今日を思い返す暇もないまま、睡魔により目を閉じた。
「おーい、おーい」
誰かの声で目を覚ます。
はっ、と目を開けると光がいた。
「…え、なんでいるの?」
「なんでじゃねぇよ。昨日全然電話出てくれないからさぁ、心配になって来たら鍵空いてるし?」
「だからって、入ってきて良いわけないでしょ」
「ごめんって、許して?」
「はいはい。…あ!今何時?!」
光は腕時計を見て時間を確認しようとするけど、その前に私は掛け時計を見た。
「…八時。

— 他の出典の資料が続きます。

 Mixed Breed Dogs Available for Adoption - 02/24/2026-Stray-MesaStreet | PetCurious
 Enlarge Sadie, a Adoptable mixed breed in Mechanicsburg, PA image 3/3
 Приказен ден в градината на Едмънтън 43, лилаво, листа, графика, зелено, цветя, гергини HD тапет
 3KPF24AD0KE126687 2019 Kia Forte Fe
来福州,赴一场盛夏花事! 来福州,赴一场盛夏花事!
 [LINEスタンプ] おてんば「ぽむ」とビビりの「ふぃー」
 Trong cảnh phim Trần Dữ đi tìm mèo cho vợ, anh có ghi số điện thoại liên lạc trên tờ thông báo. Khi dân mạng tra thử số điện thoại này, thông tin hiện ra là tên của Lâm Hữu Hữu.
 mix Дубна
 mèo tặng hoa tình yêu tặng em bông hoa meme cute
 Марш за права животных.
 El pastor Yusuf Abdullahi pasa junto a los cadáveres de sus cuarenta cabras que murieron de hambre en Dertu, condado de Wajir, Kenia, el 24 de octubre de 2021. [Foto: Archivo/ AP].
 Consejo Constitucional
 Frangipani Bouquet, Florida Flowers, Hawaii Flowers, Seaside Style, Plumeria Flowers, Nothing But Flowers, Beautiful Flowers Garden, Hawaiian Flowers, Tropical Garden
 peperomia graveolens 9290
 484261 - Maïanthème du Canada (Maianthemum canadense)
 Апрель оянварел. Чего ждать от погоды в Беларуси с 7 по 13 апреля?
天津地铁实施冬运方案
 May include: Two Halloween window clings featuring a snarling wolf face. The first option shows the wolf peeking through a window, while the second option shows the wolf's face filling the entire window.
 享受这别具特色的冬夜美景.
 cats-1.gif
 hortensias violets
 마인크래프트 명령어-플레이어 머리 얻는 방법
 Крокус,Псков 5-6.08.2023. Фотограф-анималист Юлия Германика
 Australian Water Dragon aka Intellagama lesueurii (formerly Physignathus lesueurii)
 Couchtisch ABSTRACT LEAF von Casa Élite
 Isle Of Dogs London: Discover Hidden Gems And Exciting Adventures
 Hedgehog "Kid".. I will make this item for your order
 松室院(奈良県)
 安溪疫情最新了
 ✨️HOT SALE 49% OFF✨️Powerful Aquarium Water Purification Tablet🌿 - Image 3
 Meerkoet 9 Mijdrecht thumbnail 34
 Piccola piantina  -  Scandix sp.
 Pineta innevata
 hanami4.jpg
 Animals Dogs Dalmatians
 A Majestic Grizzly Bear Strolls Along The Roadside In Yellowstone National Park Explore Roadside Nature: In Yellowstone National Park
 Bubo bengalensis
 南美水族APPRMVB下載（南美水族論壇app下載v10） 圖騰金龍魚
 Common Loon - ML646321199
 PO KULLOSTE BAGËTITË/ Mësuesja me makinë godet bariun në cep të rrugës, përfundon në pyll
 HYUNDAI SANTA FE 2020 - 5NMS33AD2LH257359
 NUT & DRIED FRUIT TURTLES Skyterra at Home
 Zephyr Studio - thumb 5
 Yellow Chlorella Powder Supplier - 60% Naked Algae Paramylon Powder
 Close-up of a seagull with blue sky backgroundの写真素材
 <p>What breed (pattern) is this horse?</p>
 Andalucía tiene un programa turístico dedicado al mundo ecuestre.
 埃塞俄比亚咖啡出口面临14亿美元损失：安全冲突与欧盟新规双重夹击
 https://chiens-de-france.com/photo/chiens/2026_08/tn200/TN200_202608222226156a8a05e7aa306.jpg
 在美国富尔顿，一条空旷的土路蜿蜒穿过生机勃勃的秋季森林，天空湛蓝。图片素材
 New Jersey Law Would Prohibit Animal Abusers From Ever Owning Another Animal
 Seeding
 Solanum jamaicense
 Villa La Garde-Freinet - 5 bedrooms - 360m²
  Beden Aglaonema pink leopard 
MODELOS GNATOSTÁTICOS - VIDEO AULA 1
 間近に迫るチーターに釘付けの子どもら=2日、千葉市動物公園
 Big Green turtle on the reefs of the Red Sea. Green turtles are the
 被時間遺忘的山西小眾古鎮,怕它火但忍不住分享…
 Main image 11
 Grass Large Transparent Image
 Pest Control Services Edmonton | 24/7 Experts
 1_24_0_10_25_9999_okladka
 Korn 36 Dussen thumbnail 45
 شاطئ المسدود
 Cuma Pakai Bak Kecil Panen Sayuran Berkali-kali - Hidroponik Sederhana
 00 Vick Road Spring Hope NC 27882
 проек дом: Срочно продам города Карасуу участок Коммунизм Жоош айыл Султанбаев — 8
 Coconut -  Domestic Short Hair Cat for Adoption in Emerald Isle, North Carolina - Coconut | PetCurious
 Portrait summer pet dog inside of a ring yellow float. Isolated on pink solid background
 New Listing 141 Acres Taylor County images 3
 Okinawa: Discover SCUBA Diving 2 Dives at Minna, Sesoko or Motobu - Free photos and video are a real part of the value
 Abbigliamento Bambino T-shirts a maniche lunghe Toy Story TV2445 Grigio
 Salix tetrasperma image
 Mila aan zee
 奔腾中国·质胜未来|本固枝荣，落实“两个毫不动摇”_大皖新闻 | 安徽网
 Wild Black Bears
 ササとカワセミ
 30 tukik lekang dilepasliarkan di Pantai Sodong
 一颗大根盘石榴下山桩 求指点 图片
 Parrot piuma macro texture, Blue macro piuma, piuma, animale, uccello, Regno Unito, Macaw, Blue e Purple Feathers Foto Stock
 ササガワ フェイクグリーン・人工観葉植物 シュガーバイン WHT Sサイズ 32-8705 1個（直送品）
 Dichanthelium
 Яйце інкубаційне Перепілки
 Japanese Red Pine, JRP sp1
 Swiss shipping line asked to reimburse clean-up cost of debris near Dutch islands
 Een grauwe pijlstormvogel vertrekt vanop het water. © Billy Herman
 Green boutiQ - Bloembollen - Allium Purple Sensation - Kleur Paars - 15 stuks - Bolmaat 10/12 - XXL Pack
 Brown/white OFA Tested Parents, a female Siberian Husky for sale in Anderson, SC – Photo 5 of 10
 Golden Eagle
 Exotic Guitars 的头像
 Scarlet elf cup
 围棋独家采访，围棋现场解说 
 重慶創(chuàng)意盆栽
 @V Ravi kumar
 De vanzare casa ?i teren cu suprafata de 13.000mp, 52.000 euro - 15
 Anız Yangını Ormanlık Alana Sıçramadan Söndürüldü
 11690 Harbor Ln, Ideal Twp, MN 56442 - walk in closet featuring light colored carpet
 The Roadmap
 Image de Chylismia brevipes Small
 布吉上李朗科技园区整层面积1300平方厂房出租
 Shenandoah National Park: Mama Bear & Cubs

やばい!」
「え?!何が?」
「仕事あるから、じゃあね!光も出て行って!」
確か迎えは八時半。
シャワーぐらい浴びとかないと…、
バスルームへ直行し服を脱ぎ捨て、大急ぎでシャワーを浴びた。
髪を乾かす暇もない。
新しい服を出して、大急ぎで着た。
「…よし!」
髪をわしゃわしゃバスタオルで拭いて、ぼさぼさのまま家を出た。
よし、間に合う。
八時半ちょい前。
山田さんが車に乗り込んだ。
「…おはよー」
「おはようございます」
車を走らせながら挨拶をする。
「…髪濡れてね?」
「今日八時に起きてシャワー浴びてきたので」
「ふーん。髪…束ねた方が良いんじゃない?長いと邪魔じゃない?」
「そうですね、後でします」
「俺が結ぶよ?」
「…いや、良いですよ」
「俺、上手いんだよ?妹いるからさ、いつもやらされてたもん」
「へぇー!妹さんいるんですか」
「うん、ほら右手出して」
理由もわからないまま、右手を山田さんの方に向けた。
「もーらいっ」
あ…、右手にあったゴムをとられた。
こりゃ、やる気だな。
「…大丈夫なんで」
「遠慮するでない。てか俺が結びたいだけ」
そう言って、後ろから髪を持って…
様子が見えないから、何をしているのか気になる。
「…よし!できた!」
嬉しそうな山田さんがバックミラーにうつる。
「ありがとうございます」
確認してみると、いたって普通のポニーテールだった。
まぁ、でも…変なアレンジ加えられるよりはよっぱど良いか…。
「…ねぇ、変なこと言ってもいい?」
「はい」
「首に…キスマークあるけど」
はい?
光と昨日した時は…、キスマークはつけられなかった。
でもその後誰とも…
…もしかして今日の朝?!
最悪…
「ハメられた…」
「ハメられた…?」
「いや、なんでもないです」
「…気になる」
「…これをつけたのは光です。今日の朝に」
「じゃあ…、今日の朝したってこと?」
「…してませんけど、寝ている内につけられました」
「…そっか」
元気のなさそうな声。
しばらくの沈黙の後、山田さんの指が首筋をつーっ、と撫でた。
「…なんですか?」
「妬いてるの。俺だって蓮ちゃんのこと好きなのに…触って良いのは結城くんだけだもんね…」
心なしか、胸が高鳴った。
でも、きっと…、
私の全てを知る時…、
私を嫌いになるんだろうな…。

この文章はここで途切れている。